Last year saw the launch of 28 activist hedge funds—more than double the 12- fund total in 2012, and the 11 funds launched in 2011. In fact, the total was the highest since 2007.
Activist funds outperformed last year too, returning an average of 11.82% in 2013 compared to 7.88% for the broader hedge fund industry. That's also true on an annualized basis over the past five years—activist hedge funds have returned an average of 12.73% versus 11.74% for hedge funds overall.
But the news is not all rosy: activism is associated with higher volatility—8-14% compared to an industry average of 5-10% over the past five years. This means that risk-adjusted returns for activist hedge funds are lower than the industry average. The three-year Sharpe ratio (risk free rate = 2%) as of April 30, 2014 was 0.52 for activists compared to 0.77 for hedge funds overall.
In regional terms, North America is clearly the center of the activist universe, home to 66% of activist hedge funds and to 90% of institutional investors with a preference for activist investing.
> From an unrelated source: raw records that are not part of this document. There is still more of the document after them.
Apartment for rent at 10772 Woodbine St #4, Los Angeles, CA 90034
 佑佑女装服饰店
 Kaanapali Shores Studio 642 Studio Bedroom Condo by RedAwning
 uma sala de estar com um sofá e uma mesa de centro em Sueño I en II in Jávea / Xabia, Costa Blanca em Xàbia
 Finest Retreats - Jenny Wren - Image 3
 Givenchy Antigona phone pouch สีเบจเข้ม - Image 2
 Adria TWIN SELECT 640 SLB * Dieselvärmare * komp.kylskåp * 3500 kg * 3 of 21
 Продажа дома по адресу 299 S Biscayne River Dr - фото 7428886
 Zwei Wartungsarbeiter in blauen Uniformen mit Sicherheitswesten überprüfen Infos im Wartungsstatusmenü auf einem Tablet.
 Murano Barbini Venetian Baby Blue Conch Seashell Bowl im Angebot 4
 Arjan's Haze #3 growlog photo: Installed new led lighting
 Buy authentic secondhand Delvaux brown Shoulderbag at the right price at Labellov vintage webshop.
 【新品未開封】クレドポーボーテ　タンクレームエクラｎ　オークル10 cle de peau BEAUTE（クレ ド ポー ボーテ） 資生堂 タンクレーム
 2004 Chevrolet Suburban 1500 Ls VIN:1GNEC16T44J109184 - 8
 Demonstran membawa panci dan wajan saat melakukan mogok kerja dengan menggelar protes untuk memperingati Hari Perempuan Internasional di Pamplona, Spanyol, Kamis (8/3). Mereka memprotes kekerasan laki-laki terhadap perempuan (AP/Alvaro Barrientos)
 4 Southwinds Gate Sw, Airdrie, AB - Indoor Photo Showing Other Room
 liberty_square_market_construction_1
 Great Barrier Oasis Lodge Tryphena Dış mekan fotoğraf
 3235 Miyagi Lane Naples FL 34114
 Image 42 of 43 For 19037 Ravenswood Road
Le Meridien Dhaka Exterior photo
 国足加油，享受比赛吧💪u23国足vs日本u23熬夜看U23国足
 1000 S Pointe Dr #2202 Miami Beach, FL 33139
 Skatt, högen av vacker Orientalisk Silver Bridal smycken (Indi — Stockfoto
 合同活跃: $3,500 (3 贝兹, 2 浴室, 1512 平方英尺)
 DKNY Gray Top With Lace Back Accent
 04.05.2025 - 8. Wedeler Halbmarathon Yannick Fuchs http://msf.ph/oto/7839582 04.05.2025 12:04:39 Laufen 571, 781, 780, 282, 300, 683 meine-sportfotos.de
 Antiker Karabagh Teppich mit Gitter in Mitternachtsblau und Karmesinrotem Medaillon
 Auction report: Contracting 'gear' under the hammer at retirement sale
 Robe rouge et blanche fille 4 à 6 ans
Activists focused on North America posted an average return of 16.98% in the 12-month period ending April 30, 2014.
Elliott International is the largest activist hedge fund, with $15.6 billion in assets under management, and also boasts the highest number of commitments from institutional investors.
“Hedge funds using shareholder activism as a method of investment have been a big talking point in the industry in recent years,” said Preqin's Amy Bensted, in a statement. “As activism becomes a more widely utilized approach, fund managers are increasingly seeing viable opportunities for investment in this area, with 2013 seeing the highest number of activist fund launches since 2007. These funds appear to be growing in terms of both numbers and size, with Preqin data indicating that activist hedge funds now account for more than $100 billion in assets.
“Activist hedge funds have performed well in recent years when compared to the overall hedge fund benchmark, but there is an increased volatility associated with this outperformance, and this means that the returns of activist hedge funds fall short of the asset class as a whole when considered on a risk-adjusted basis. However, activism remains a strategy to watch over the next few years, and it will be interesting to see if this investment approach becomes more widespread globally in the future.”